Europe to Accuse Google of Illegally Abusing Its Dominance ft.com

Alex Barker and Christian Oliver, Financial Times:

Margrethe Vestager, the EU’s competition commissioner, is to say that the US group will soon be served with a formal charge sheet alleging that it breached antitrust rules by diverting traffic from rivals to favour its own services, according to two people familiar with the case.

[…]

In a further blow to the US group, Ms Vestager on Wednesday will also launch a separate formal investigation into Google’s Android operating system for smartphones.

The Commission probe will examine whether Google imposes uncompetitive terms on handset makers that ultimately favour its own lucrative apps such as YouTube. Google rejects any allegations of wrongdoing and says Android is an open platform distributed free.

Google has been accused of anticompetitive behaviour in the past, but they’ve always managed to settle. This is the first time charges will be laid against them.

This news breaks in the wake of comments from the EU digital chief, as reported by the Wall Street Journal:

The European Union should regulate Internet platforms in a way that allows a new generation of European operators to overtake the dominant U.S. players, the bloc’s digital czar said, in an unusually blunt assessment of the risks that U.S. Web giants are viewed as posing to the continent’s industrial heartland.

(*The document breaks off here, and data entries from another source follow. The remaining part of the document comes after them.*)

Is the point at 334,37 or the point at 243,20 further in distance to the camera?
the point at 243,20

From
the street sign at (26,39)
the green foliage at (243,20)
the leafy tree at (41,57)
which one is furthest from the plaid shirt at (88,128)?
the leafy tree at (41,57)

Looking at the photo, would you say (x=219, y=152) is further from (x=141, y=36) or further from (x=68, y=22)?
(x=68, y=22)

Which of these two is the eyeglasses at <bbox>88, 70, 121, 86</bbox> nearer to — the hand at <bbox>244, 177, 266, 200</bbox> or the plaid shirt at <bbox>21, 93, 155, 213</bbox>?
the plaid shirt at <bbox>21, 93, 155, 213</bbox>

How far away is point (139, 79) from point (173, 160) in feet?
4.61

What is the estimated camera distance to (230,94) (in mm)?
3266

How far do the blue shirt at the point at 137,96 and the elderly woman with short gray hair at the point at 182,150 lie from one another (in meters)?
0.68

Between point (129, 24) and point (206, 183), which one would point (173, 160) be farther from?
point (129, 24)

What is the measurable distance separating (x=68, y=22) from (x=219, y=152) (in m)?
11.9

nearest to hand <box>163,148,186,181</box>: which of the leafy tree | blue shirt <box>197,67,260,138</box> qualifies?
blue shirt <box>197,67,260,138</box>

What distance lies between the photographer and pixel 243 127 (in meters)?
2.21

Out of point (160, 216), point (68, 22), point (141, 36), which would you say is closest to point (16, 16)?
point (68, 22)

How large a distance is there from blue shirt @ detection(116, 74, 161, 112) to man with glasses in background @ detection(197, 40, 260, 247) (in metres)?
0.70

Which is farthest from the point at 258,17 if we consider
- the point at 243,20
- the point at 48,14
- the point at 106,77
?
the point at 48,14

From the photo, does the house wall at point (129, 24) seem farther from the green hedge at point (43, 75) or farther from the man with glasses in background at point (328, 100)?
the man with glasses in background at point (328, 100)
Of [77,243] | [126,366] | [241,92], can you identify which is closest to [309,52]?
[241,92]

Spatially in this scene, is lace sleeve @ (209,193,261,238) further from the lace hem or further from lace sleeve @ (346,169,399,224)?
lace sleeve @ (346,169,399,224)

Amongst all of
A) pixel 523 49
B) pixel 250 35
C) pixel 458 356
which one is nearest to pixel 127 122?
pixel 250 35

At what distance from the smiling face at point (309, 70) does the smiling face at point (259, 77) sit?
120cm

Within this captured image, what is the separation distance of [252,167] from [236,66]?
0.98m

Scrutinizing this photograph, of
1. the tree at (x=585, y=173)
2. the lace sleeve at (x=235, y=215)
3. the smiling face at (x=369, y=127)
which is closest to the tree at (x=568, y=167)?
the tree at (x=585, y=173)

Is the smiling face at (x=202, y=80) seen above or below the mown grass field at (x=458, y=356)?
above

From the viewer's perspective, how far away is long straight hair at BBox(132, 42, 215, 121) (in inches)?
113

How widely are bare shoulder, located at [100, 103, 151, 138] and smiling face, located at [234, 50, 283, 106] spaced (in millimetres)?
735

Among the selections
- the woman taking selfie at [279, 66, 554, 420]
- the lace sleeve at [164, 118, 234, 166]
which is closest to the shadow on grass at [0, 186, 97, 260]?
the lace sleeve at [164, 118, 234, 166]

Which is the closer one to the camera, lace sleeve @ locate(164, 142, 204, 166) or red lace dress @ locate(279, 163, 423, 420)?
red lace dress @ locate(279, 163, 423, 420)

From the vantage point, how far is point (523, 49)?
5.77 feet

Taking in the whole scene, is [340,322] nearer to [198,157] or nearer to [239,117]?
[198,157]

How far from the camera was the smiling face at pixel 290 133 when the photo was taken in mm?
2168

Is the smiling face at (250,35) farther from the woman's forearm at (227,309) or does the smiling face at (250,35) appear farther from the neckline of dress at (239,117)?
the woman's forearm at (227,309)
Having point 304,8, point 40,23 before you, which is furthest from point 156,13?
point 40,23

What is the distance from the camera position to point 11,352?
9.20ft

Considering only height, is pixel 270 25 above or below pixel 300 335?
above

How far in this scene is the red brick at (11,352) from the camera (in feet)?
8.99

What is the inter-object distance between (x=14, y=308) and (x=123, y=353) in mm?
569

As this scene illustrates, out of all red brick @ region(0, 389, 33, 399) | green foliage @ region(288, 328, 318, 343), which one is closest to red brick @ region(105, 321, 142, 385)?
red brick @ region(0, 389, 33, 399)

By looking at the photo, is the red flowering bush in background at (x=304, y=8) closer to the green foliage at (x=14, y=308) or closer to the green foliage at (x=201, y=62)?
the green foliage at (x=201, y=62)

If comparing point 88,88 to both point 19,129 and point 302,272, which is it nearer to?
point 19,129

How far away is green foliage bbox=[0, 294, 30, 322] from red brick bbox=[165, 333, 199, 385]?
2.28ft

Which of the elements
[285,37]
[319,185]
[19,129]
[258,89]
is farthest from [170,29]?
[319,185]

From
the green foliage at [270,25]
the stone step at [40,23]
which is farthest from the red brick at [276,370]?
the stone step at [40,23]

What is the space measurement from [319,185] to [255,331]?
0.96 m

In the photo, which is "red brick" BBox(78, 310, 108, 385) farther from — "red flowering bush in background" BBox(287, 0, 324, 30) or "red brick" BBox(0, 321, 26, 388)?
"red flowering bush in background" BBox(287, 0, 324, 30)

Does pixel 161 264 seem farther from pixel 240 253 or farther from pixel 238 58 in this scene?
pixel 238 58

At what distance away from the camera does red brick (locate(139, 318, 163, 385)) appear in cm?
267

Speaking at a major industrial fair in Hannover, Germany, the EU’s digital commissioner, Günther Oettinger, said Europe’s online businesses were “dependent on a few non-EU players world-wide” because the region had “missed many opportunities” in the development of online platforms.

Regardless of the overlap between Oettinger’s comments and the EU’s forthcoming actions, the EU is not without reasonable grounds to file these charges.